Quanto à questão envolvendo arquivos ufológicos gerados pelas Forças Armadas que o Dossiê UFO Brasil não cita nem requisita formalmente – segundo o brigadeiro Pereira, alguns deles, por conterem assuntos que envolvem questão de segurança nacional, ficaram sob posse do antigo Serviço Nacional de Informações (SNI), atual Agência Brasileira de Informações (ABIN) –, o doutor Marivaldo Pereira novamente pediu paciência. Ponderou que precisamos, antes, ter em mãos a listagem de arquivos desejados, para ser enviada pelo Ministério da Defesa aos comandos de cada Arma. “É em cima dela que basearemos nossas próximas diligências”, disse o servidor da SAJ. Num dos últimos contatos mantidos com ele, lembramos que a CBU está ansiosa e atenta ao cumprimento da Lei 11.111/2005, especificamente quanto à existência de farta documentação além da citada no Dossiê e ao inevitável acionamento da CAAIS para liberação dos papéis do Caso Varginha.
Atentos ao cumprimento da Lei
Em concomitância a esta lembrança, solicitamos aos membros do Centro Brasileiro de Pesquisas de Discos Voadores (CBPDV) e a todos os ufólogos ligados à Revista UFO que cobrassem providências da Casa Civil, por meio eletrônico. A resposta não tardou a sair. Num telefonema de 24 de setembro, o servidor da SAJ disse que estava recebendo “toneladas de e-mails”, todos eles “cobertos de razão, pois a demora nas ações do Ministério da Defesa já extrapolou todos os limites de tolerância”, em suas palavras. Afirmou também que, se o Ministério não tomasse a cobrada posição, “acionaria instâncias superiores do Palácio do Planalto”. Obviamente, caso não venham estas providências, a cobrança da Subchefia de Assuntos Jurídicos da Casa Civil (SAJ) deverá ser elevada à alçada da ministra Dilma Rousseff, presidente da CAAIS, a quem cabe uma atitude quanto ao assunto.
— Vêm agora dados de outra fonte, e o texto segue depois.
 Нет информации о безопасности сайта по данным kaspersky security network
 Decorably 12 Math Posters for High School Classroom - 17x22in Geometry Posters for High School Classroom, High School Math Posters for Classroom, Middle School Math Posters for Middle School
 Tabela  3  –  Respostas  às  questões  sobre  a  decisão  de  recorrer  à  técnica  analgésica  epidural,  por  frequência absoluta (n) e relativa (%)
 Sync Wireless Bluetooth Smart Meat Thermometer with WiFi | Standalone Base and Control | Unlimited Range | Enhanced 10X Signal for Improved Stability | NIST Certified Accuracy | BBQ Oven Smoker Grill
Depois de mais este entrave enfrentado pela Comissão Brasileira de Ufólogos (CBU), resta-nos torcer para que o general De Gaulle não continue com sua incômoda frase ecoando em nossas mentes. Todos têm acompanhado um novo escândalo em Brasília, agora envolvendo outra instituição onde o Dossiê UFO Brasil tramita, antes do “parto” comandado pela SAJ. O alvo da vez é o Gabinete de Segurança Institucional (GSI) e a nova celeuma federal envolvendo o Senado, a Polícia Federal, o Ministério da Defesa, a Agência Brasileira de Informações (ABIN), órgão do GSI, em torno dos autores de grampos ilegais de conversas entre o senador Demóstenes Torres e o presidente do Supremo Tribunal Federal (STF), ministro Gilmar Mendes. Ou seja, com a ABIN atolada até o pescoço, não é de se duvidar que o general Jorge Armando Félix, chefe do GSI, demore ainda mais para disponibilizar seus arquivos.
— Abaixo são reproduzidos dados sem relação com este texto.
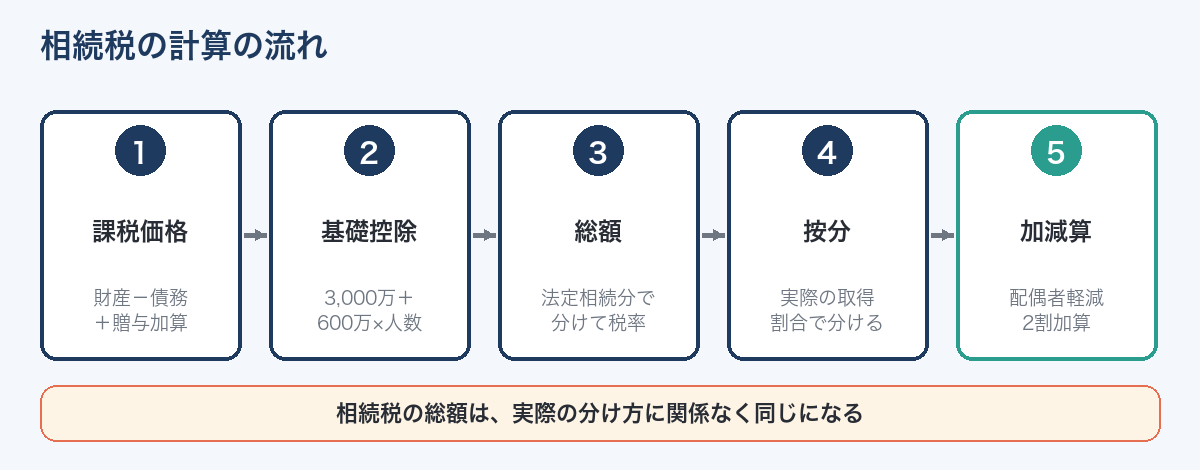 相続税の計算の4ステップ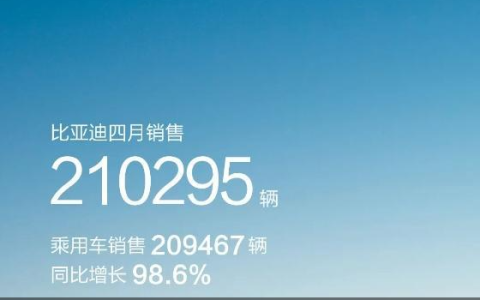 4月新能源车企公布销量成绩，比亚迪埃安狂飙，新势力玩出新高度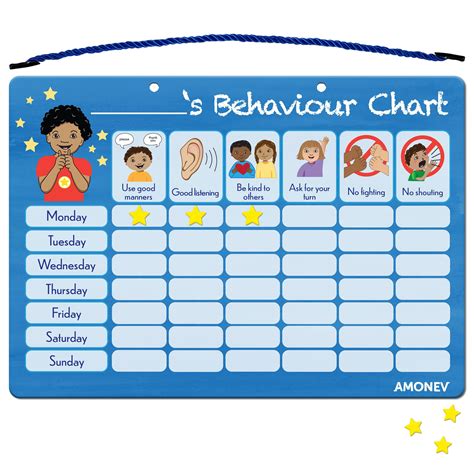 Behaviour Sticker Chart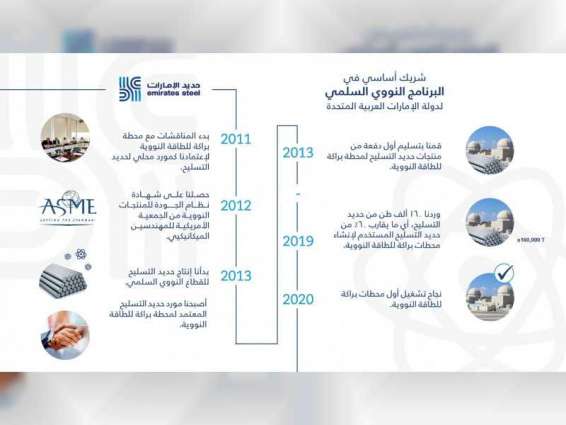 حديد الإمارات شريك أساسي في تنفيذ البرنامج النووي السلمي الإماراتي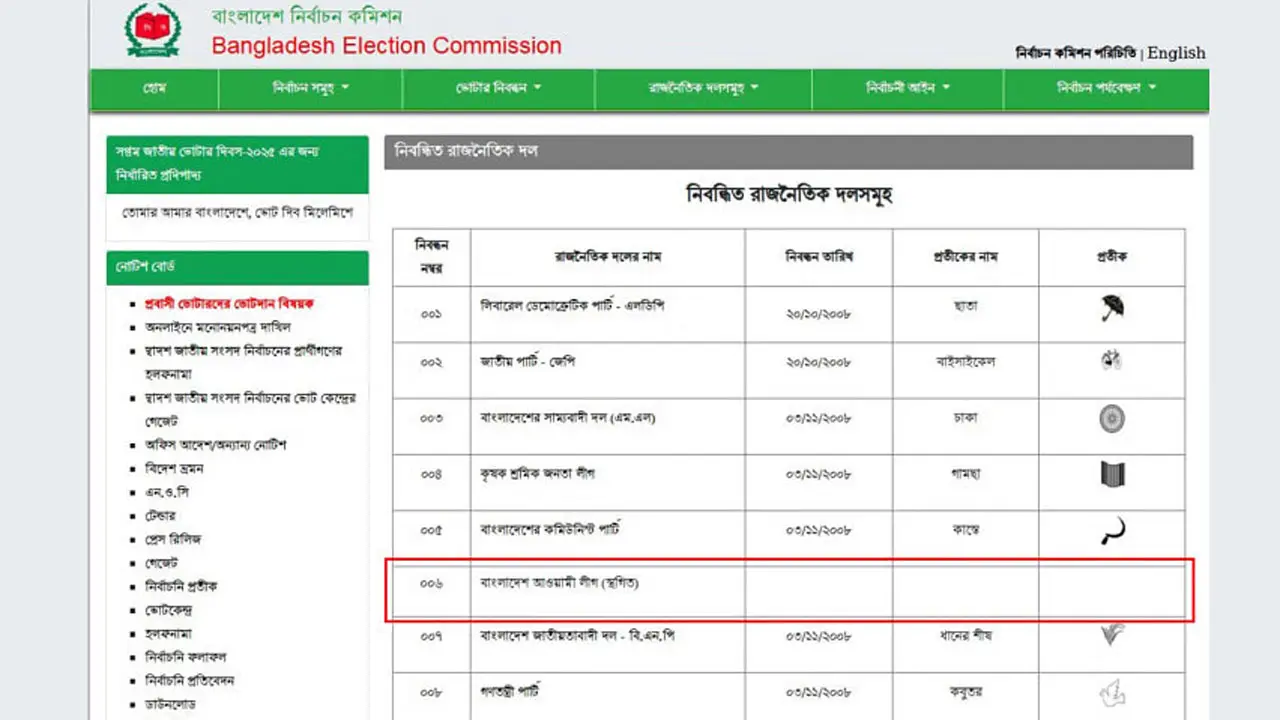 ইসির ওয়েবসাইটে নৌকা ‘ওঠানামা’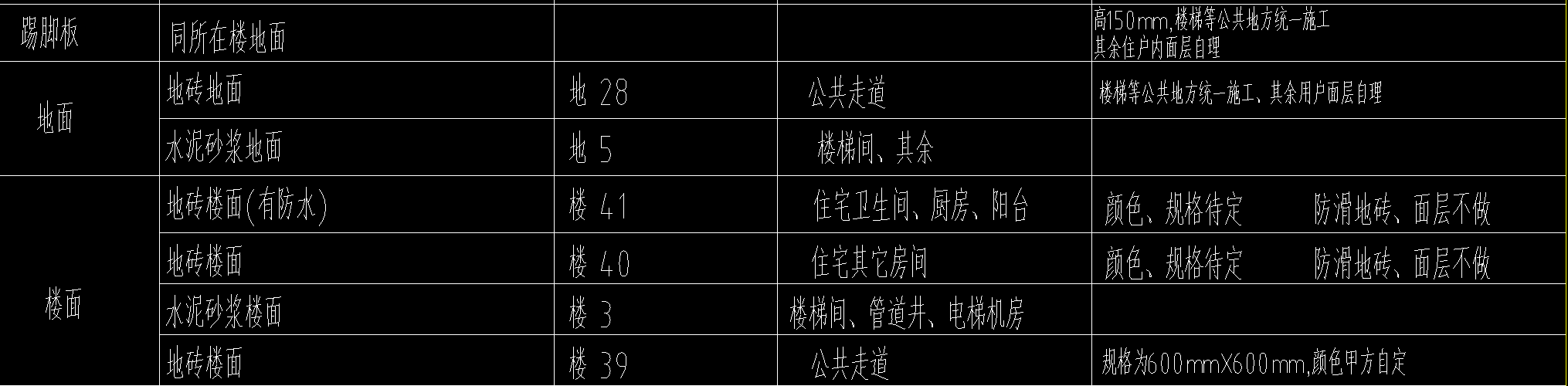 踢脚板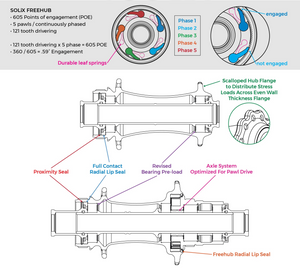 
                  
                    SOLiX M Hubs with NOX Rims
                  
                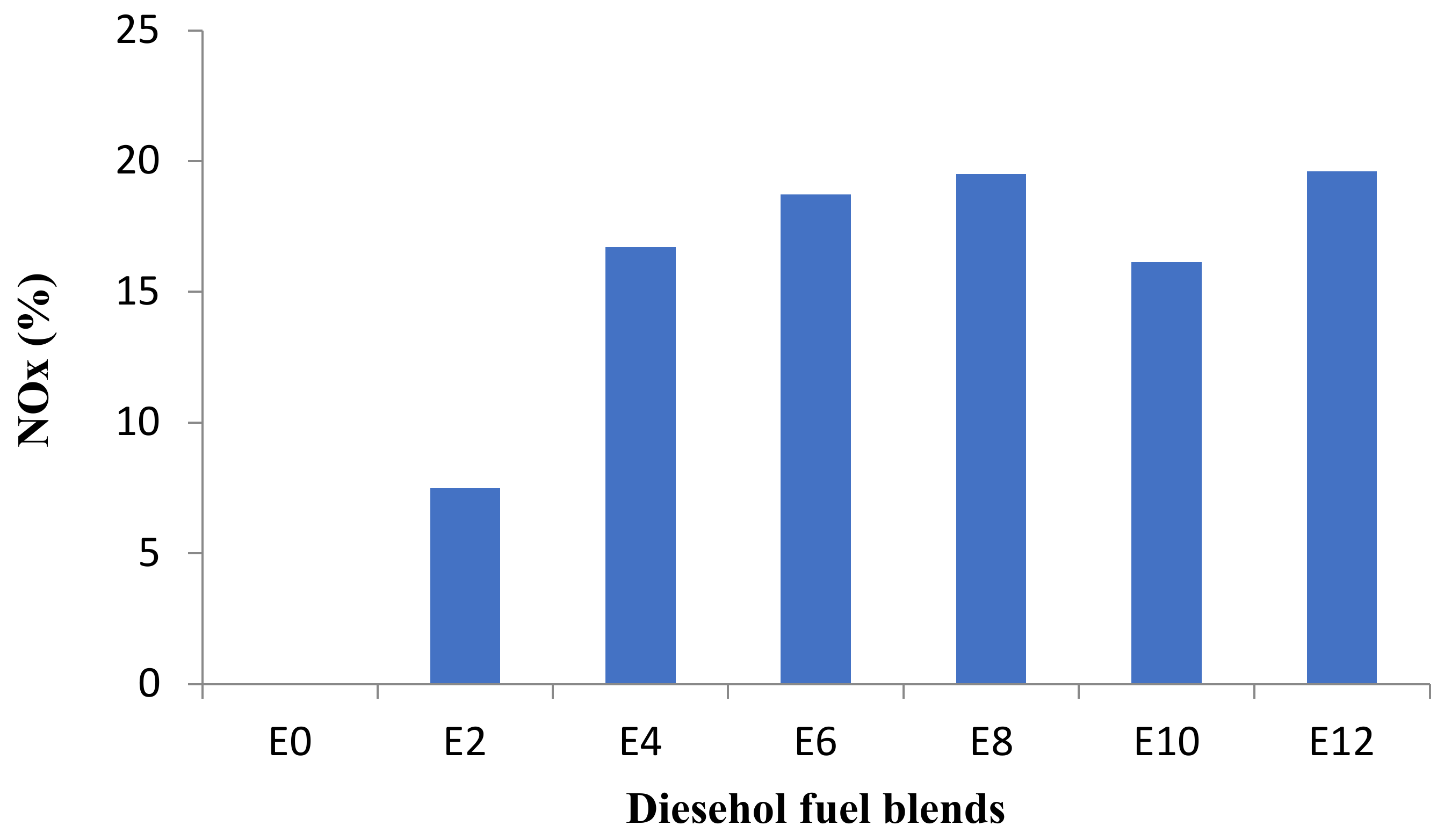 Sustainability 13 05379 g009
Neste quadro, outra situação fictícia e hilária, para não dizer trágica, começa a incomodar a Ufologia Brasileira: a de que, na expectativa que estamos de um iminente contato com extraterrestres, vamos supor que ele ocorra antes do Governo Brasileiro abrir todos os seus arquivos. Imaginemos neste dia o general De Gaulle aparecendo de carona num disco voador, rindo e dizendo: “Eu não disse que este país não era sério?” Eu diria: “É isso aí, general. Rir é o melhor remédio por aqui”.